The distinction between the religious Plato and the poetic one is extremely apt to blur. In one respect the poetic Plato is actually nearer to one strand in Christianity. The poetic Plato’s beauty can be incarnated – that is its whole point – and similarly according to Christianity the good itself can be incarnated, and once was. Each philosophy needs to effect a bridge between something which is too rarefied, too abstract, too pure, to engage with human life, and something else which can find a seat in day-to-day living. For the poetic Platonist the soul is revivified by a renewed erotic perception of beauty; for the Christian by a renewed acquaintance with the personification of goodness in the incarnation of Christ.

For Christianity this is, however, just one element in a fundamentally otherworldly philosophy. Christ is himself just a signpost to the real consummation of eternal life, in the other world. For the poetic Platonist, the incarnation is everything.

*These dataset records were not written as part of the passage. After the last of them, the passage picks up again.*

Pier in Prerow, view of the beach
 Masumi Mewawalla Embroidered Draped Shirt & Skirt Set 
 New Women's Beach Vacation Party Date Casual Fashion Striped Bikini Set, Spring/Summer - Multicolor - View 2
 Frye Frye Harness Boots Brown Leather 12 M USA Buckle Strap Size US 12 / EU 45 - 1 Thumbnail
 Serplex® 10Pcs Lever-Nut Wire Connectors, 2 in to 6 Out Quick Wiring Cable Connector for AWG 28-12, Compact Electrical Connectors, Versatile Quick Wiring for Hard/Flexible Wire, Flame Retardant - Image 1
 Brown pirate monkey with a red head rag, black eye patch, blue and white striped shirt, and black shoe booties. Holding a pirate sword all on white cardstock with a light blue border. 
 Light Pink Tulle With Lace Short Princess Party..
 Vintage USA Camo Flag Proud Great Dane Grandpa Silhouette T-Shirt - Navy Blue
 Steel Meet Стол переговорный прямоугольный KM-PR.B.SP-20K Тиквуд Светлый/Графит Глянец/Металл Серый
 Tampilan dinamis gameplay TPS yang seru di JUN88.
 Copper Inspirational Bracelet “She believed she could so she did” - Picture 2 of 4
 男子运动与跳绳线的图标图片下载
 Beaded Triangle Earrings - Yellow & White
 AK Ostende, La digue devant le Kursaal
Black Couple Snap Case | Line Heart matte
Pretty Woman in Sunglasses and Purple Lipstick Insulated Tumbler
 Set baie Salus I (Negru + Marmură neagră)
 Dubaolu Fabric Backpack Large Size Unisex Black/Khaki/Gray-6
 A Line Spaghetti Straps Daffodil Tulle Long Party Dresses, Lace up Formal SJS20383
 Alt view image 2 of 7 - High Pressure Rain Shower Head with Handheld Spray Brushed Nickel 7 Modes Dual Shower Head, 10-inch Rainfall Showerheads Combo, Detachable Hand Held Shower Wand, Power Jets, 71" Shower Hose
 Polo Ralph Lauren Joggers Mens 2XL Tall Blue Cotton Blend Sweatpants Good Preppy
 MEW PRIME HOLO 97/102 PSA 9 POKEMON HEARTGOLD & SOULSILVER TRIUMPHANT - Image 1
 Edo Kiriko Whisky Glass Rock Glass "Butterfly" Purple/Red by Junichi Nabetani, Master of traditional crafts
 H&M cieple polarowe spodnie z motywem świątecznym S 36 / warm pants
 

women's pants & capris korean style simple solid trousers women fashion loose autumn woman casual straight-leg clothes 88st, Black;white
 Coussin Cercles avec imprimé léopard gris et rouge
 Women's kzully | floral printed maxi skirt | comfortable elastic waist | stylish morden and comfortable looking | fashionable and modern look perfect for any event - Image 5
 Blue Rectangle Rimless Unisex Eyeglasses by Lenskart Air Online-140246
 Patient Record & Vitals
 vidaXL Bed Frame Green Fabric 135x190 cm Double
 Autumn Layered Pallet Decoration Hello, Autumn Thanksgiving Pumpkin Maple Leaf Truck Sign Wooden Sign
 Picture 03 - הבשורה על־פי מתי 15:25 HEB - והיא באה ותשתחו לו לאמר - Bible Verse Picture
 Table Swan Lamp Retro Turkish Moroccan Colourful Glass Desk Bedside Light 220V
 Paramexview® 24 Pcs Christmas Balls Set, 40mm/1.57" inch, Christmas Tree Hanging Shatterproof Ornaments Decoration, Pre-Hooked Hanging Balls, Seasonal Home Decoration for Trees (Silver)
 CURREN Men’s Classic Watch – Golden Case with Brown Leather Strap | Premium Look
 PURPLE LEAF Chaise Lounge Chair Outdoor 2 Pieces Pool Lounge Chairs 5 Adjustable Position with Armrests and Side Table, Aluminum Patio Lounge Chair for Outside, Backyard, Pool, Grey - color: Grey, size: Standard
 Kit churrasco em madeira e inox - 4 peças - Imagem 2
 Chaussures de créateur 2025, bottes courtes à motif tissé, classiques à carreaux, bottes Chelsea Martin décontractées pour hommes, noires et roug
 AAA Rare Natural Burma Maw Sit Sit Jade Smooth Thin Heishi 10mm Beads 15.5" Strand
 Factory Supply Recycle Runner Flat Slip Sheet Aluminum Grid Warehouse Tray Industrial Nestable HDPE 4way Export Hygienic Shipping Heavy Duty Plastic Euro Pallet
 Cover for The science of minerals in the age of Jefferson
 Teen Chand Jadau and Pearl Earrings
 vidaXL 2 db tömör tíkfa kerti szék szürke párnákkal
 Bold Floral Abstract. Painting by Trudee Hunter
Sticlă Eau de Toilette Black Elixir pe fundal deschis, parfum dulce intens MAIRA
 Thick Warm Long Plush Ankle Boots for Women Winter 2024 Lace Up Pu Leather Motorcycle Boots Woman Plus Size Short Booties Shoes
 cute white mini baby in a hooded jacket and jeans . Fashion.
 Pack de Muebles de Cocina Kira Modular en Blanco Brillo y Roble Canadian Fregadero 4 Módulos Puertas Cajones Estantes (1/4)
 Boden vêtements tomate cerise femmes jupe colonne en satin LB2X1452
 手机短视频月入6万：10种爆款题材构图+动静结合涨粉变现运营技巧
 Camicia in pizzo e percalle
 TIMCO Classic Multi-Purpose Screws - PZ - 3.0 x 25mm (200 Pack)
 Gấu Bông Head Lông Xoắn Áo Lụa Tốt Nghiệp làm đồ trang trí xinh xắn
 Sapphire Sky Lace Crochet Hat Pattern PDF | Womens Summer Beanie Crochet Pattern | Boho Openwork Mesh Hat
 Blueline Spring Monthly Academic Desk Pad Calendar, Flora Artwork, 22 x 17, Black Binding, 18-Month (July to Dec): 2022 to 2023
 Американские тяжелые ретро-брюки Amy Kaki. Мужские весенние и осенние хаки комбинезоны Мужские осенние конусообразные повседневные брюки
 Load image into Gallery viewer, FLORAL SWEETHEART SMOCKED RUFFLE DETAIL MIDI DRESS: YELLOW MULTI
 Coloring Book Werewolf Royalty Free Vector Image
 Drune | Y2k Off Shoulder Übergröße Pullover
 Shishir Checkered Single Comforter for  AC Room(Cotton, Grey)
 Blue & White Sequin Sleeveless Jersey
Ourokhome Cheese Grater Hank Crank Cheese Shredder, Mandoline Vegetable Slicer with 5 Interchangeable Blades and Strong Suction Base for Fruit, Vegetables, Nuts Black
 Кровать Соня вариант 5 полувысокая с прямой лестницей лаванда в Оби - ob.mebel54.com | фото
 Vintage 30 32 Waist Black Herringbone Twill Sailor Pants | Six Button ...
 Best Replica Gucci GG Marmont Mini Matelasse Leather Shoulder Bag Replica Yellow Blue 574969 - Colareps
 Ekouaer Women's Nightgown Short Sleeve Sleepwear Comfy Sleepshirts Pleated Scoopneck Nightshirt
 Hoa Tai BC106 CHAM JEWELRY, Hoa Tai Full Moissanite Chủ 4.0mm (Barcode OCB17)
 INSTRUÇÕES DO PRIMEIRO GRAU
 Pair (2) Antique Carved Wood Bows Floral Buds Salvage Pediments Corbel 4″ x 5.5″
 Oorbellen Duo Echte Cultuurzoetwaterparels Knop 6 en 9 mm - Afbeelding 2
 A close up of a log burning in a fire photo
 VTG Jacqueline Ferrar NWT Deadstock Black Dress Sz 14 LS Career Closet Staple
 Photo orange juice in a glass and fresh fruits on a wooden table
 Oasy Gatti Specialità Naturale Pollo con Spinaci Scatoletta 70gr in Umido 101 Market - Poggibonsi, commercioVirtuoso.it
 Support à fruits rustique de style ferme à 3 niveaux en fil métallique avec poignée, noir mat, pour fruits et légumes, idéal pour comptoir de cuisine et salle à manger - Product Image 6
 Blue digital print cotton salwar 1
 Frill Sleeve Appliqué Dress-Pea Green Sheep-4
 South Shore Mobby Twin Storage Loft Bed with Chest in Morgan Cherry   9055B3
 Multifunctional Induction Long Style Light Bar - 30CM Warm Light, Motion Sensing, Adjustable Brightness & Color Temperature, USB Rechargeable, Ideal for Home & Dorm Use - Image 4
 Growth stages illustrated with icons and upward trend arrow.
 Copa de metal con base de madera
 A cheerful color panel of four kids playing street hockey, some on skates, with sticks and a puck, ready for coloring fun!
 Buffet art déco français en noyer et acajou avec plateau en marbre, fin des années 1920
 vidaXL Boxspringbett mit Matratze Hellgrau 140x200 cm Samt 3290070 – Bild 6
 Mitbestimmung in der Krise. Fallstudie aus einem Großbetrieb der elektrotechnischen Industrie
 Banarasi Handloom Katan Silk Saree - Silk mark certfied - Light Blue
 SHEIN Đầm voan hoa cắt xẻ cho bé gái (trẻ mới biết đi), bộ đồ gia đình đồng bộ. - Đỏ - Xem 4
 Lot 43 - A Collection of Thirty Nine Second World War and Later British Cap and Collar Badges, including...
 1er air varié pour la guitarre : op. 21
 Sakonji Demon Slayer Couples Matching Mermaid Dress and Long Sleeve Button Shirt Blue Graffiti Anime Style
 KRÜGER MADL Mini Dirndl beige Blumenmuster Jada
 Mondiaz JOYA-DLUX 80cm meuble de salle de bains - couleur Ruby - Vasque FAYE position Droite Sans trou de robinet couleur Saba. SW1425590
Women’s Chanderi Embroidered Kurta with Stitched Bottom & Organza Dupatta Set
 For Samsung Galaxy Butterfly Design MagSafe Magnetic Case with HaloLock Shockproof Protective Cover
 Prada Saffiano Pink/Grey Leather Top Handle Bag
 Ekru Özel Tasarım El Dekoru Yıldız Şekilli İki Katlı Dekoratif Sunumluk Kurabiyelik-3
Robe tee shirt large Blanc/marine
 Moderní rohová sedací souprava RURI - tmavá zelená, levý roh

The problem of the return to the Cave is not so severe for poetic Platonism as for religious Platonism. But it does not disappear entirely, either. It is not so much the rediscovery of the body that is a problem, as a rediscovery of pursuits and problems that have nothing much to do with beauty or love: problems of politics and morals, for instance. With respect to Iris Murdoch, we may yet doubt if the Melians would have been impressed if the Athenian envoys had come ashore while raptly admiring the line of beauty incarnated in a rose-leaf, or the beauty of their toy-boys’ profiles. The suggestion must be that so much immersion in beauty would free the Athenians from the ambition, fear or greed that prompted their brutal politics. But amongst human beings, this is not how it works. The aesthetic only forms a temporary respite from the moral and political. The Athenian envoys, however susceptible to beauty they might have been, would soon enough have cast aside their roseleaves and toy-boys, and got to work blackmailing the Melians, just as they in fact did. The lives of the artists are seldom all that edifying. And that in turn reminds us that while the themes of love and beauty are prominent, as we have said, in other dialogues, in Republic itself they are overshadowed by the eventual banishment of the artists, to which we shortly return. As the quotation at the head of this section shows, Plato seems to be pursuing themes other than contemplative immersion in beauty. An enjoyable afternoon lying on the river bank with a lover, or raptly engaging with the exhibits in a gallery, can scarcely be said to require each or any of ‘a good memory, quickness at learning, broadness of vision, elegance, and love of and affiliation to truth, morality, courage, and self-discipline’ which his philosopher-king must exhibit. So in spite of the enchantments of the poetic life, we still lack a satisfactory model for the ascent from the Cave.